As you already know, most of the world still relies on natural gas, oil, and coil for energy. However, some countries are quite interested in investing in renewable power. These nations fund large projects and encourage their citizens to produce energy by using solar panels.
So, where is solar energy used? As it turns out, the U.S. could learn a thing or two from countries like China, Germany, and Japan. These and other nations prove that solar power is a valid answer to a global search for alternatives to conventional fuels. In this article, we analyze the efforts of the top ten countries that use solar energy and profit from using sunlight-induced energy on a national scale.
10. South Korea
Situated on the southern half of the Korean Peninsula, South Korea has huge plans when it comes to energy converted from sunlight. The government plans to add 30 GW (gigawatts) of photovoltaic power use in the next ten years.
The Moon Jae-in administration calls this plan “Renewable Energy 2030” – it is their answer to the public’s demand for safer and cleaner energy.
Once we take into account the country’s well-developed energy sector and strong economy, it’s no wonder that solar power took off in France. Driven primarily by large-scale installations, the country’s market grew close to 60% in the first half of the last year.
In 2016, François Hollande (the President of France) and Narendra Modi (the Prime Minister of India) founded the International Solar Alliance. The alliance’s main objective is to reduce the world’s dependence on fossil fuels.
When ranking solar power by country, it’s impossible not to mention Australia. The country’s solar presence has snowballed in the last ten years, with more than two million installations as of September 2019.

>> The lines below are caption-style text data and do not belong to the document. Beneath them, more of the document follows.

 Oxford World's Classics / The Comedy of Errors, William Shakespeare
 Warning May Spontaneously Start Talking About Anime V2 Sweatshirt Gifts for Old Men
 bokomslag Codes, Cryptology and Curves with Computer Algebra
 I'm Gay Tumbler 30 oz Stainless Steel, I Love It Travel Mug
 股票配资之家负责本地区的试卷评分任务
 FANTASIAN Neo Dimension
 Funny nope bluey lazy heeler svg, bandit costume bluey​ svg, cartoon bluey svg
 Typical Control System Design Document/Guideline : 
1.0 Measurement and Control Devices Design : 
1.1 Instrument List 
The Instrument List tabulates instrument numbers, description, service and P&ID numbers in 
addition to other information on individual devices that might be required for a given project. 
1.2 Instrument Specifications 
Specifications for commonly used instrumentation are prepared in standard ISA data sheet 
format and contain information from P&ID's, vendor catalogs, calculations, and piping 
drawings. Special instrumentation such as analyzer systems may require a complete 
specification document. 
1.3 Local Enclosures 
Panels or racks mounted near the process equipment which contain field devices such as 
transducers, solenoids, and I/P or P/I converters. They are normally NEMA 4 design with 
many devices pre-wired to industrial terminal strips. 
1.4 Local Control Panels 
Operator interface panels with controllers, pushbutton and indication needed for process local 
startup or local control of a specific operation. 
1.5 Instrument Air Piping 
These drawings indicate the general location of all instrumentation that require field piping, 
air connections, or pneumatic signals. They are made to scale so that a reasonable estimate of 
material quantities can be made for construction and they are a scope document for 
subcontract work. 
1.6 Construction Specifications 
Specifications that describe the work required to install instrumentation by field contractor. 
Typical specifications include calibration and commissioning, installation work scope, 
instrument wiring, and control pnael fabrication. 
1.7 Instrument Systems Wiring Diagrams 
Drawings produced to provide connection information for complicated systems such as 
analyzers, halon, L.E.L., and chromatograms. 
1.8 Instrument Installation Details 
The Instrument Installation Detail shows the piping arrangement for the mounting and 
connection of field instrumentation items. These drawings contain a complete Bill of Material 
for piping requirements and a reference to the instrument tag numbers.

However, many people argue that the nation could do much more – nearly all areas of Australia enjoy high sunshine hours. Fortunately, the government plans to fund new plants and increase production in the following years.
7. United Kingdom
In terms of installed capacity, the United Kingdom has finally managed to overtake Spain and France. Government initiatives encouraging homes, businesses, and schools to use solar panels have successfully assisted in establishing the UK as one of the continent’s leading sunlight-power producers.
In 2016, sunlight power accounted for 3.1% of the UK’s whole electricity generation. In 2017, this number rose to 3.4%. The country is on a slow but steady path of decreasing dependence on conventional fuels.
Over the last decade, Italy’s reliance on solar power generation has increased dramatically. Between 2009 and 2013, Italy saw a 15-fold increase in installed PV capacity, overtaking U.S., Japan, and China at the time.
However, the government’s tax breaks offered to solar farms have expired since then. This caused many sunlight powers farms to be closed or sold. Nevertheless, Italy still stands as one of Europe’s leading countries when it comes to harnessing the sun’s energy.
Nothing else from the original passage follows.